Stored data
......

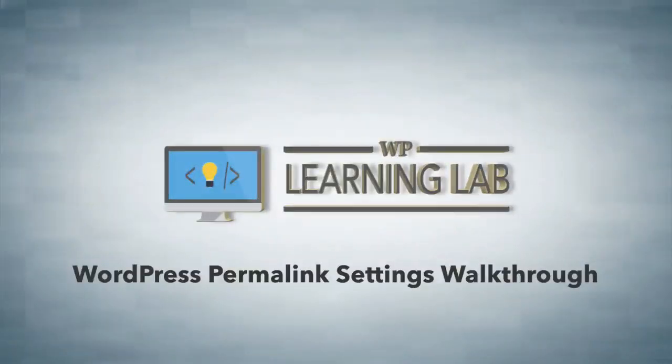Hey everybody, it's Bjorn from WP Learning Lab, and in this video I'm going to walk you through the permalink settings in your WordPress site.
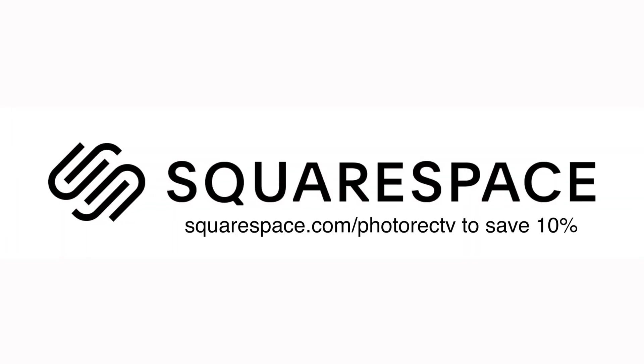This video is brought to you by Squarespace. You can save 10% and get a free 14-day trial. Start at squarespace.com slash photorectv.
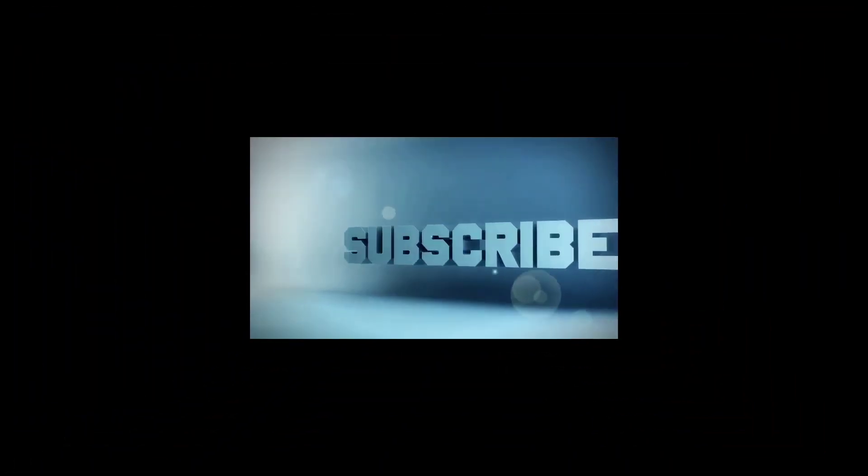Go ahead and leave a like on the video if you do enjoy the content and subscribe to become part of the Magic Tech Review family. Comment down below what you think about this video. Let's get to it.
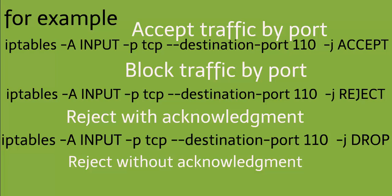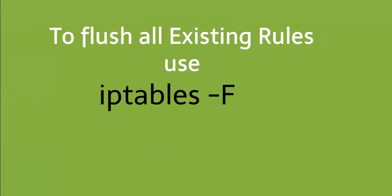For example, to flush all existing rules, use iptables -F.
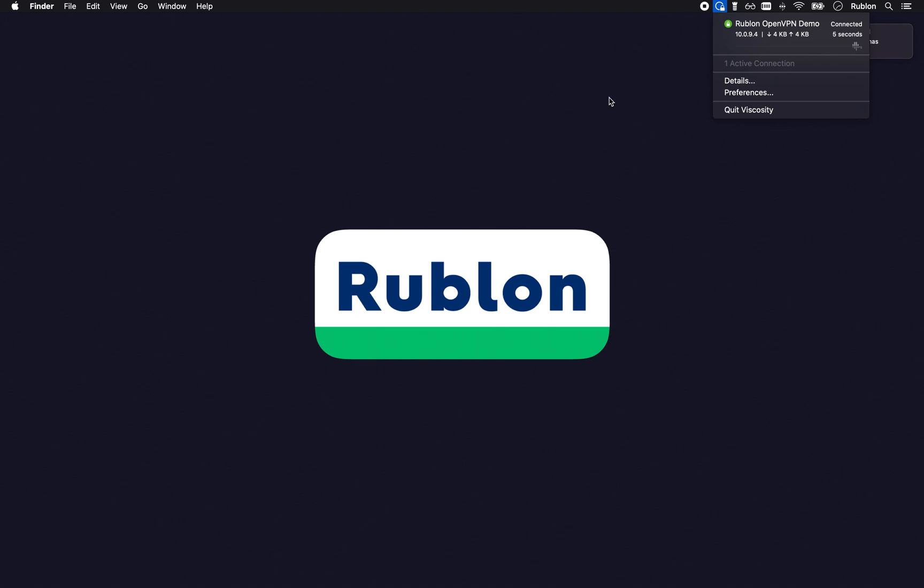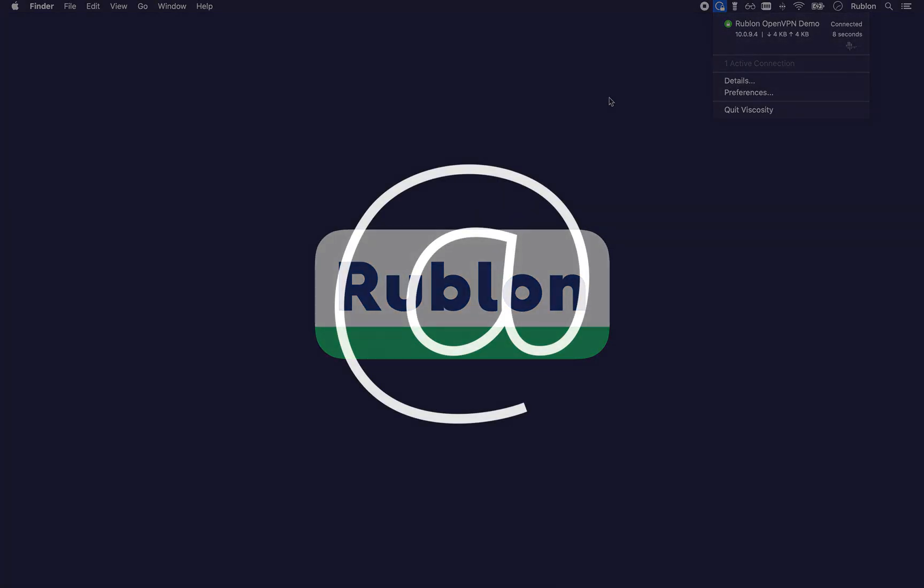Users without the Rublon Authenticator mobile app can get an email link sent to their email address. They click the link to approve the login.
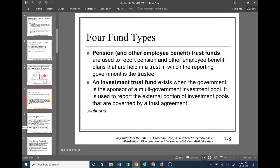The fiduciary funds consist of four different fund types. The first is pension and other employee benefit trust funds — used to report pension and other employee benefit plans held in trust in which the reporting government is the trustee. Really think of the name of the fund, because a lot of times the name can give away the activity of what's going on. Another type is an investment trust fund, which exists when the government is the sponsor of a multi-government investment pool.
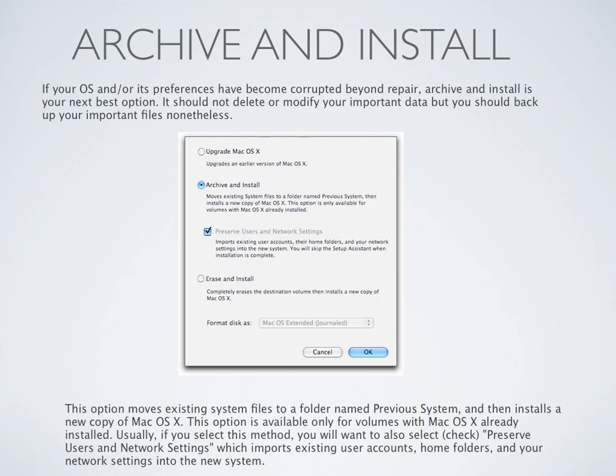If your operating system and/or its preferences have become corrupted beyond repair, archive and install is probably your next best option. It should not delete or modify your important data, but you should always back up your important files nonetheless. Start up with your disk, go to the install dialog, and choose Archive and Install within that dialog in older Leopard systems. In Snow Leopard, it does it automatically.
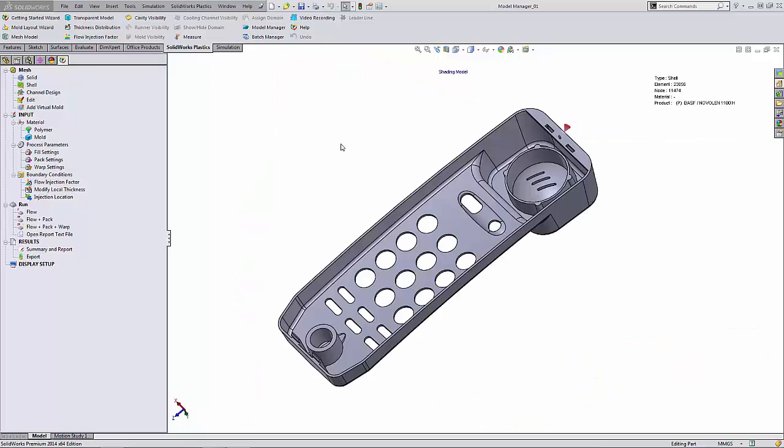Hello, my name is Derek Franklin and I'm an Applications Engineer here at GoEngineer. In this quick tip video, I'm going to show you how we can utilize the Batch Manager command in SOLIDWORKS Plastics to set up multiple analysis jobs to run immediately or at a later time.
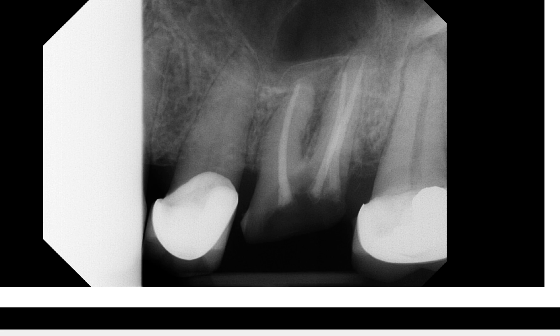But let's take a moment to look at tooth number 15. We do see a large crown — looks like a PFM — and how would you assess the periapical area?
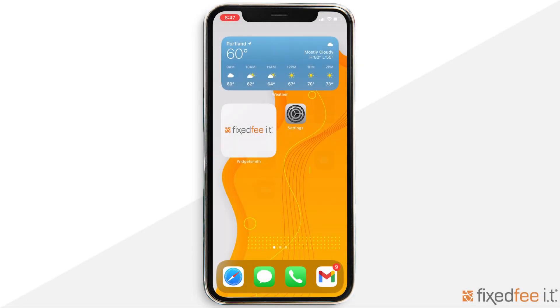Hi there, it's Ashlyn with Fixed VIT and I have another tutorial for you. Today we're learning how to filter and block messages on your iPhone.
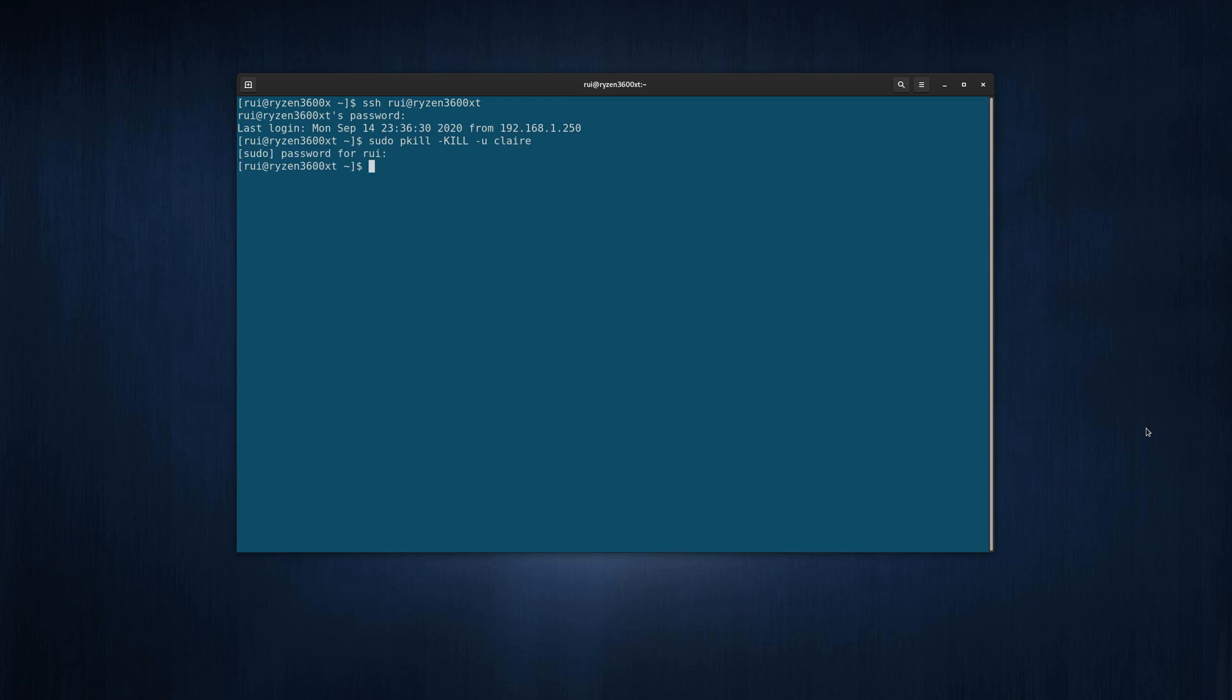The next step is lock her account so she cannot sign back in. sudo passwd claire lock. So she's locked and her user account will disappear from login screen. She cannot even log in.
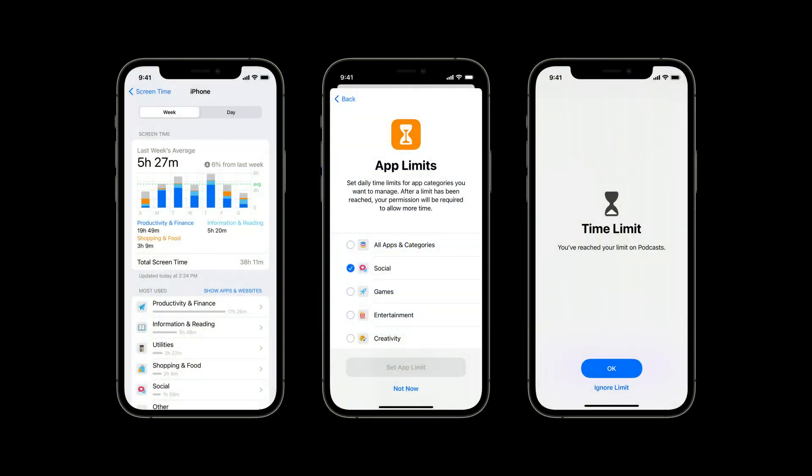It's been three years since Apple introduced Screen Time for iOS, and it has been a giant step forward for improving our customers and families' relationships with their devices. Over the last three years, Screen Time brought some great new abilities to iPhone, iPad, and Mac.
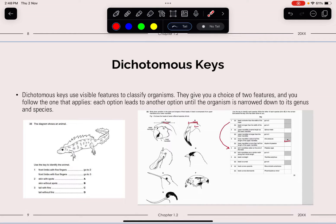The similarity of a DNA chain shows how closely two organisms are related. Dichotomous keys use visible features to classify organisms, giving two choices at each step, with each option leading to another until the organism is narrowed down to its genus and species. These can appear in multiple choice questions or structured questions in Paper 2 and Paper 4. You follow the features step by step until you find the most suitable answer.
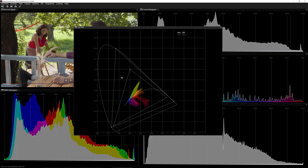That about wraps things up for this lesson. In our next lesson, we're going to talk all about performance — how to adjust the settings to improve performance, troubleshooting, measuring, and how to improve it.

......

_WHAT IS NEEDED:_
Your task is to copy the entries in full and exactly, without any images.

_THE ANSWER:_
Hey everybody, it's Bjorn from WP Learning Lab, and in this video I'm going to walk you through the permalink settings in your WordPress site.
This video is brought to you by Squarespace. You can save 10% and get a free 14-day trial. Start at squarespace.com slash photorectv.
Go ahead and leave a like on the video if you do enjoy the content and subscribe to become part of the Magic Tech Review family. Comment down below what you think about this video. Let's get to it.
For example, to flush all existing rules, use iptables -F.
Users without the Rublon Authenticator mobile app can get an email link sent to their email address. They click the link to approve the login.
The fiduciary funds consist of four different fund types. The first is pension and other employee benefit trust funds — used to report pension and other employee benefit plans held in trust in which the reporting government is the trustee. Really think of the name of the fund, because a lot of times the name can give away the activity of what's going on. Another type is an investment trust fund, which exists when the government is the sponsor of a multi-government investment pool.
If your operating system and/or its preferences have become corrupted beyond repair, archive and install is probably your next best option. It should not delete or modify your important data, but you should always back up your important files nonetheless. Start up with your disk, go to the install dialog, and choose Archive and Install within that dialog in older Leopard systems. In Snow Leopard, it does it automatically.
Hello, my name is Derek Franklin and I'm an Applications Engineer here at GoEngineer. In this quick tip video, I'm going to show you how we can utilize the Batch Manager command in SOLIDWORKS Plastics to set up multiple analysis jobs to run immediately or at a later time.
But let's take a moment to look at tooth number 15. We do see a large crown — looks like a PFM — and how would you assess the periapical area?
Hi there, it's Ashlyn with Fixed VIT and I have another tutorial for you. Today we're learning how to filter and block messages on your iPhone.
The next step is lock her account so she cannot sign back in. sudo passwd claire lock. So she's locked and her user account will disappear from login screen. She cannot even log in.
It's been three years since Apple introduced Screen Time for iOS, and it has been a giant step forward for improving our customers and families' relationships with their devices. Over the last three years, Screen Time brought some great new abilities to iPhone, iPad, and Mac.
The similarity of a DNA chain shows how closely two organisms are related. Dichotomous keys use visible features to classify organisms, giving two choices at each step, with each option leading to another until the organism is narrowed down to its genus and species. These can appear in multiple choice questions or structured questions in Paper 2 and Paper 4. You follow the features step by step until you find the most suitable answer.
That about wraps things up for this lesson. In our next lesson, we're going to talk all about performance — how to adjust the settings to improve performance, troubleshooting, measuring, and how to improve it.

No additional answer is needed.